• [Listed records]
★ ★ ★

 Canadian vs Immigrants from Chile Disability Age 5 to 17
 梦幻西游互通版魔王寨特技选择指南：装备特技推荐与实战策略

★ ★ ★

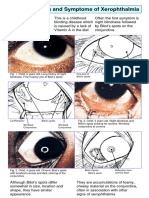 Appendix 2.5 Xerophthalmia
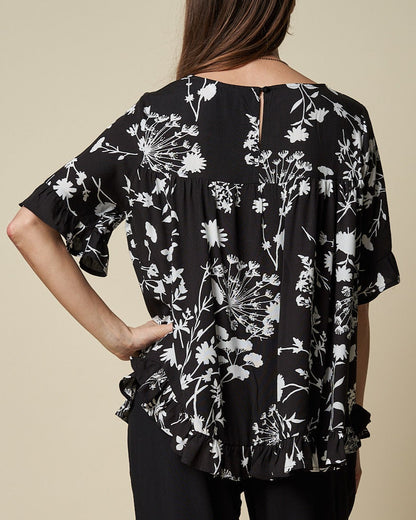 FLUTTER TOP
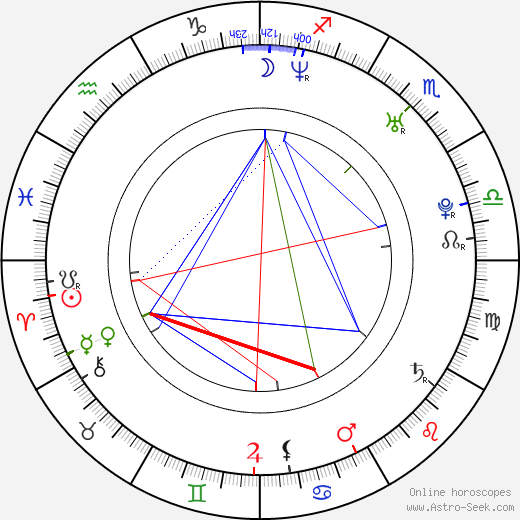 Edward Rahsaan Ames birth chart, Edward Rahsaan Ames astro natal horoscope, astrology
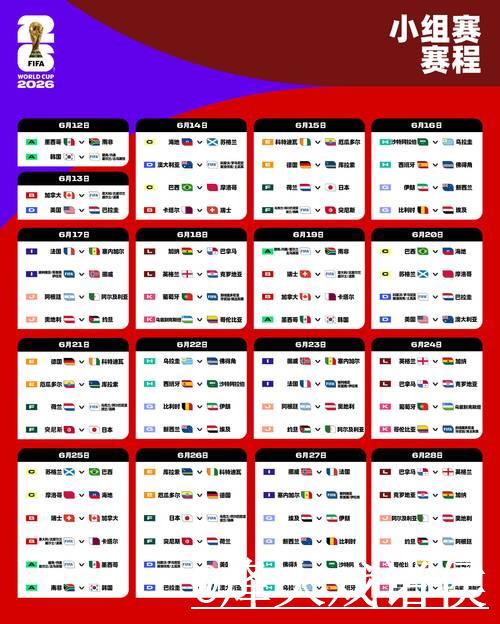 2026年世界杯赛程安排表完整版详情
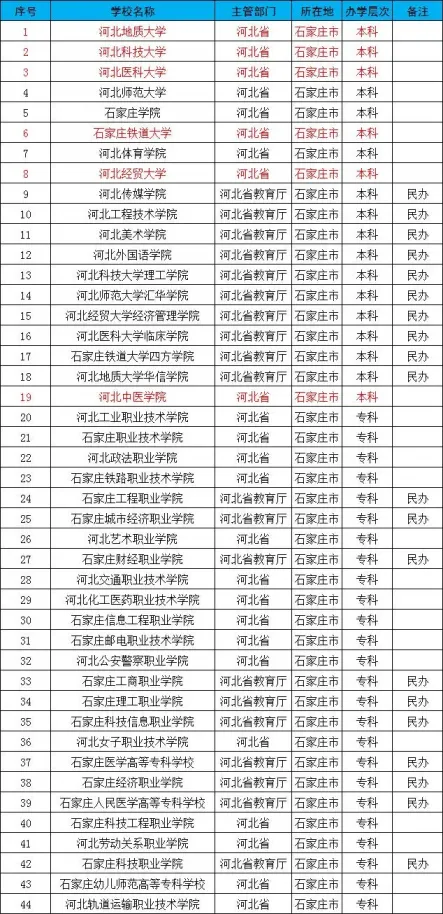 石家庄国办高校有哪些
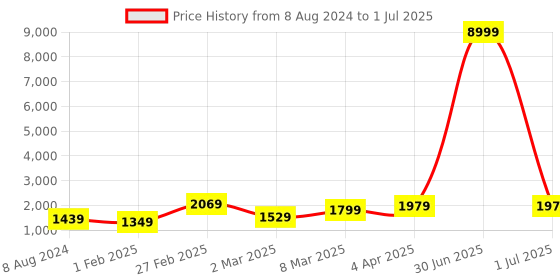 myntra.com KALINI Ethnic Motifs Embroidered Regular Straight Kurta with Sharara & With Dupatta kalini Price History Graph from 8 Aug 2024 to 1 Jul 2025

★ ★ ★

• [Work item]
Beginning at the line above that contains "FLUTTER TOP", repeat each line exactly through the one that contains "myntra.com KALINI Ethnic", and leave out the pictures.

• [Exercise response]
 FLUTTER TOP
 Edward Rahsaan Ames birth chart, Edward Rahsaan Ames astro natal horoscope, astrology
 2026年世界杯赛程安排表完整版详情
 石家庄国办高校有哪些
 myntra.com KALINI Ethnic Motifs Embroidered Regular Straight Kurta with Sharara & With Dupatta kalini Price History Graph from 8 Aug 2024 to 1 Jul 2025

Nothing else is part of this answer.